Source: By Caroline Knight , The Barrel Blog • Posted: Thursday, February 25, 2016

2015 was a difficult one for US ethanol producers, prices came down from an eight year high in 2014 to a near-eleven year low in January of 2016. As with any market, when times are hard, it’s essential that players can adapt and evolve to keep business alive. So, eyes turn to export opportunities and to five countries in particular.

Traditionally, once supplies reach around 20 million gallons, cargoes start getting booked. Supplies are currently at around 23 million gallons. With sustained record high production levels putting downwards pressure on domestic prices, at the most recent National Ethanol Conference in New Orleans, US ethanol industry participants were readily eyeing export opportunities to provide the market with a much-needed boost in the form of buyers, and ultimately, revenue.

For both ethanol and biodiesel, rhetoric around the industry has shifted from a nearly one-sided focus on the Environmental Protection Agency (EPA) and Renewable Fuel Standard (RFS) to now touting the benefits of other biofuels. For biodiesel, it was touting its ability to reduce carbon emissions; for ethanol, it’s the benefits for octane-boosting.

The change is due, partly, to the fact that the new blending mandates are in place now, giving some stability and allowing both industries to focus on other aspects. However, the change in sentiment is also due to the fact that both fuels are at a disadvantage economically compared to fossil fuels.

So, as a way to address this evolving landscape, the industry is lining up five countries as key to the US export market: Brazil, the Philippines, China, India and Mexico. As the largest buyer of US product, Canada is already a well-established market, requiring less business development.

The big five

Brazil: Conveniently located, Brazil offers the US an export market that can be accessed with relative ease. In 2015, Platts-Kingsman estimated that the US exported around 440.4 million liters of fuel ethanol to Brazil, second in imports of US product behind Canada and a 4% uptick compared with exports to the region in 2014. Participants have described the Brazilian ethanol market as being in a constant state of either “feast or famine.”  This supply uncertainty offers the US an opportunity to be the reliable constant supply of fuel into the country and it is one that US producers are looking to capitalize on.

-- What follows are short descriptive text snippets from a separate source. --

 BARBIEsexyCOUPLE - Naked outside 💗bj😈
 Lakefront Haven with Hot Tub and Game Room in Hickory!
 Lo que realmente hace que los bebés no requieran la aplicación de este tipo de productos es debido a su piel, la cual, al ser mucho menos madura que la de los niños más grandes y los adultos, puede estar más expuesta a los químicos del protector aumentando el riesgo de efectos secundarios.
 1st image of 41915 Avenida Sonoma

The Philippines: In 2015, the Philippines were the third-largest importer of US fuel ethanol, increasing their buying power by 6% from 2014 and importing around 270.3 million liters. The cost of shipping, easy logistics and good demand in the region make the Philippines an ideal destination for US product. The low cost of shipping to the area is key for sellers; one US producer said that it costs as much to take ethanol from Iowa to Seattle as is does to take product from the West Coast to the Philippines. With such a strongly established trade route, market participants were keen for this to continue over the coming years.

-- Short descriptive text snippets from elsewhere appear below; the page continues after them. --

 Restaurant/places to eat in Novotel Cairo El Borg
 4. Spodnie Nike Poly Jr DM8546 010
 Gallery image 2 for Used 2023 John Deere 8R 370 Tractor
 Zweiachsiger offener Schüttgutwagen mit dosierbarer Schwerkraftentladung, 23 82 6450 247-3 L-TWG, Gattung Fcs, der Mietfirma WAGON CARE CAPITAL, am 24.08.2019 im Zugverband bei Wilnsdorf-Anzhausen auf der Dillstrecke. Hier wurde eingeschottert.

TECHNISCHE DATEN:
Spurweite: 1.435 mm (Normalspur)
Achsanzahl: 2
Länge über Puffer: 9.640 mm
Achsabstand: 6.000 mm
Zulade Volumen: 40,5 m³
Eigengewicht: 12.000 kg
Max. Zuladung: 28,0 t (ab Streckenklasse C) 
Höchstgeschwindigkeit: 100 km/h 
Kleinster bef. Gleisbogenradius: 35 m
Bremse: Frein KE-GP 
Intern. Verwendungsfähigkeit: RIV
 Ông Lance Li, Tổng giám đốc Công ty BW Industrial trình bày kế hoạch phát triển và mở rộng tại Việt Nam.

China: Weighing in at No. 4 on the biggest importers of US fuel ethanol in 2015, China was the biggest mover on the list, increasing its imports by an astounding 1994% from 2014. As a country with a rapidly growing population, clamor is building from the widening band of middle classes to lessen the reliance on fossil fuels and improve air quality. Ethanol is seen as an answer to these calls, a positive sign for US exports. But the relationship is not an easy one. Most recently, China launched an anti-dumping probe into US DDGS imports, a by-product of ethanol, which saw imports fall by 9.6% month-on-month in December. The risk-reward premium of sending product all the way to China to potentially have it sit in a dock for an indefinite period of time is high. But when the going’s good, China is a veritable cash-cow of a market for US ethanol.

India: Following his election in 2014, Prime Minister Narendra Modi increased the blending mandate for ethanol in India, moving from E10 in 2015 to E20 by 2017. But in 2015, India’s effective blend rate fell far below the E10 mandate, reaching just 4.34%, and the country lacks the capability to produce sufficient ethanol domestically to meet the requirement. Alongside the blending mandate, at the 2015 COP21 summit, India also announced plans to cut its CO2 emissions per unit of GDP by as much as 35% from 2005 levels by 2035. To do this, India will need external support, and imports, and the US will be a main contributor on both fronts.

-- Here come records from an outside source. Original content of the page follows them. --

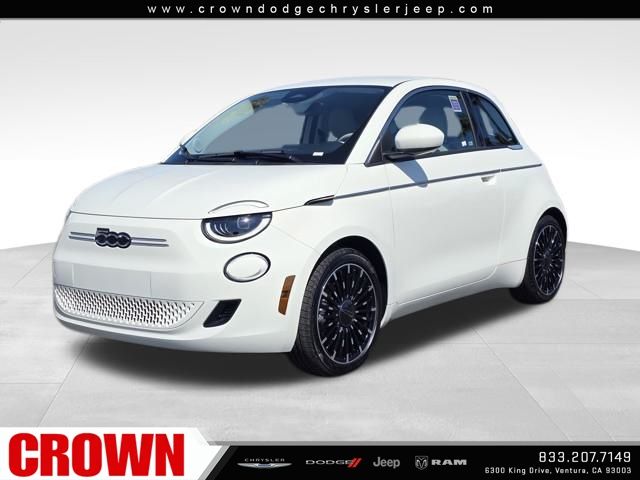 2025 FIAT 500e Base's photo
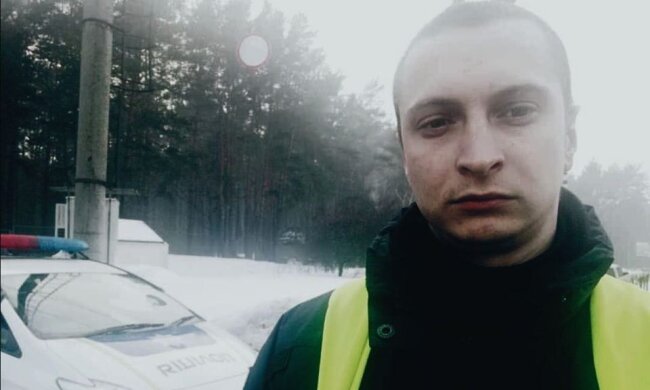 Поки мама спала поліцейський рятував малюка від падіння з 3-го поверху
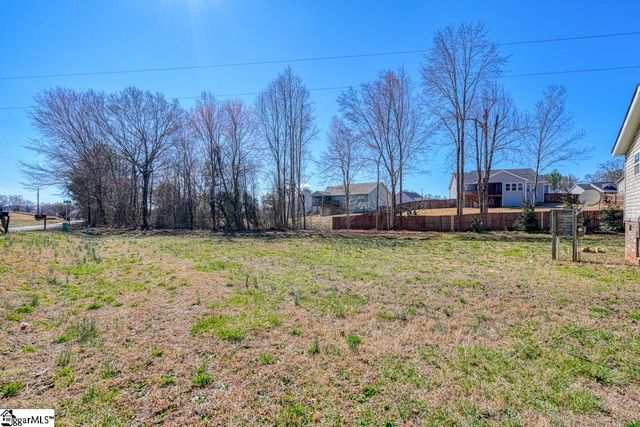 180 Holden Road, Inman, SC 29349
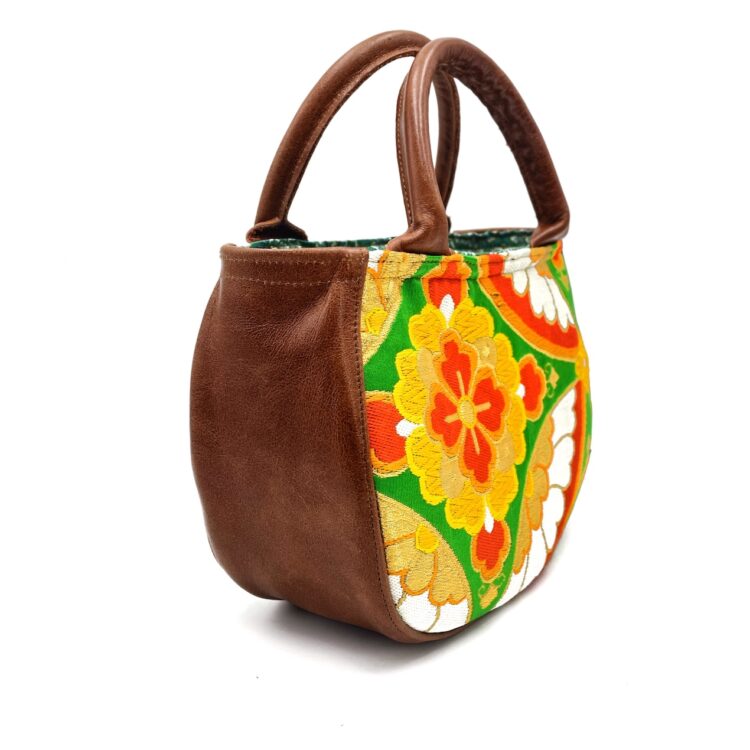 กระเป๋าถือทรงกลมสไตล์กิโมโน Fantastical Spring - Toanoi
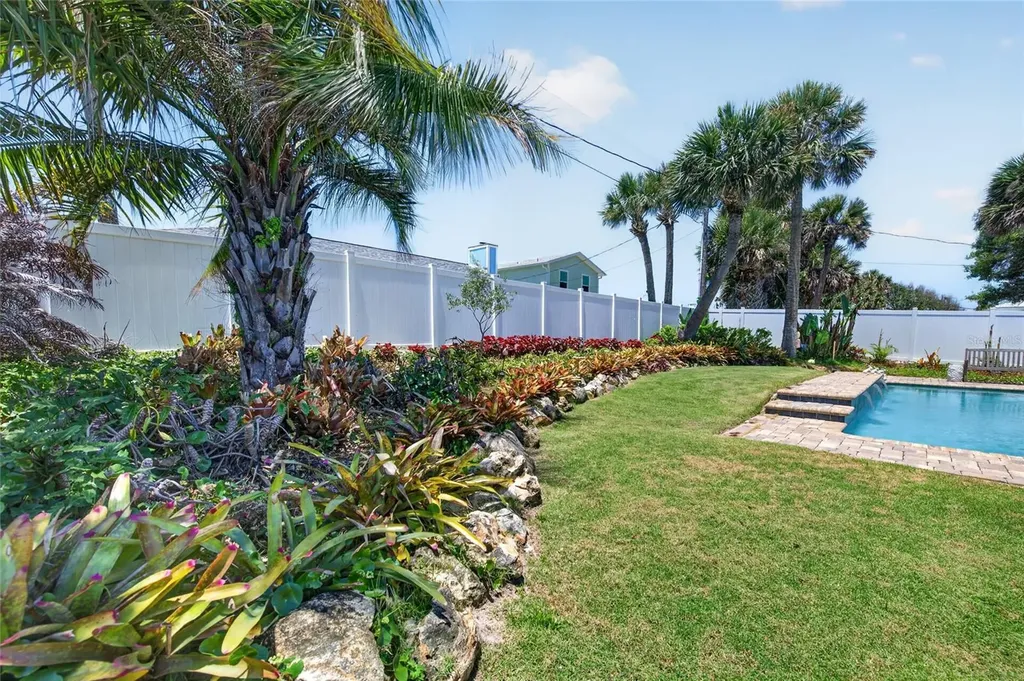 4628 S Atlantic Avenue New Smyrna Beach FL 32169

Mexico: At only ninth place on the list of importers, Mexico may not come across as an obvious country to focus energies on. But from 2014 to 2015, Mexico increased its buying of US ethanol by 14%, up to 116.2 million liters. The country, much like India, is going through energy reform and will need help to hit its mandates. They too lack the infrastructure to meet ethanol targets and the US is perfectly positioned, both geographically and logistically, to step up to the plate.